March 13 (Bloomberg) -- Bank of Japan Governor Haruhiko Kuroda may face resistance from developed-nation peers to expanding record stimulus because the currency impact may undermine global economic growth, according to BNP Paribas SA.
The CHART OF THE DAY shows the average inflation rate across 10 major economies halved in the past three years. The index excludes Japan, which has reversed more than a decade of deflation and is now experiencing the strongest consumer-price increases since 2008. The yen’s effective exchange rate against a basket of currencies is also shown as it slid to a five-year low in January as the BOJ expands the monetary base by 60 trillion yen ($584 billion) to 70 trillion yen per year
“Japan’s monetary easing that may lead to yen weakness could face some opposition from Western nations as inflation slows in these countries,” said Ryutaro Kono, the chief Japan economist in Tokyo at BNP. Kono is one of the four out of 34 analysts in a Bloomberg News survey to predict the BOJ will refrain from adding easing measures this year.
European Central Bank President Mario Draghi kept the benchmark interest rate at a record-low 0.25 percent on March 6 and signaled extended gains in the euro could be of concern because it might slow inflation in the bloc that’s already less than half the bank’s 2 percent target. The major currencies include the U.S., Canadian, Australian and New Zealand dollars, along with the Scandinavian tenders, the Swiss franc, the British pound and the euro.

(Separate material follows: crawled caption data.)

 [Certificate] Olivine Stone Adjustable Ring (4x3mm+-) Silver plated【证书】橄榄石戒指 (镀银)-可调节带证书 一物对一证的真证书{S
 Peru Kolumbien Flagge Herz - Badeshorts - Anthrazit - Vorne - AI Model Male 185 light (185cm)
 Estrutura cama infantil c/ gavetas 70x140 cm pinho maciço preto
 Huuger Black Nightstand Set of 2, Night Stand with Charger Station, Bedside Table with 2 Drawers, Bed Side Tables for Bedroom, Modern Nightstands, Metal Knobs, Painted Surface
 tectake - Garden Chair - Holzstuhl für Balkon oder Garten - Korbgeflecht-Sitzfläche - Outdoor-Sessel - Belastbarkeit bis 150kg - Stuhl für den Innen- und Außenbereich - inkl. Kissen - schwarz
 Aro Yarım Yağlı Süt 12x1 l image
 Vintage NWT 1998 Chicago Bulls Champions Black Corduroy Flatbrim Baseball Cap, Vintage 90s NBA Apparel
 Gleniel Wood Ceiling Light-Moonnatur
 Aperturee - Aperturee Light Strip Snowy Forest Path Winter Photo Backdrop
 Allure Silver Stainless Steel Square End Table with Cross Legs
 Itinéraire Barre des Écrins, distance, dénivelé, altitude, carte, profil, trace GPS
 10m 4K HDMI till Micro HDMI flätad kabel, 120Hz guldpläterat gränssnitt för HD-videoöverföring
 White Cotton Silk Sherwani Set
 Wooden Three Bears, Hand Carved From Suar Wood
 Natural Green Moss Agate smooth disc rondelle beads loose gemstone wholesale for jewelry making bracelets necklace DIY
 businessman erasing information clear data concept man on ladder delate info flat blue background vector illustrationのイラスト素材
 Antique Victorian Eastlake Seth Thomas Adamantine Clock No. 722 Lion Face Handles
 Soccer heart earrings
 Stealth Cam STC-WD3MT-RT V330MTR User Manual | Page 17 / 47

Most economists forecast Kuroda will boost stimulus this year as next month’s first sales tax increase for Japan since 1997 threatens to trigger the deepest economic contraction in three years. Prime Minister Shinzo Abe’s unprecedented effort to end deflation succeeded in spurring economic growth and boosting consumer prices, partly by encouraging a 19 percent slump in the yen over the past two years to 102.76 per dollar yesterday in New York.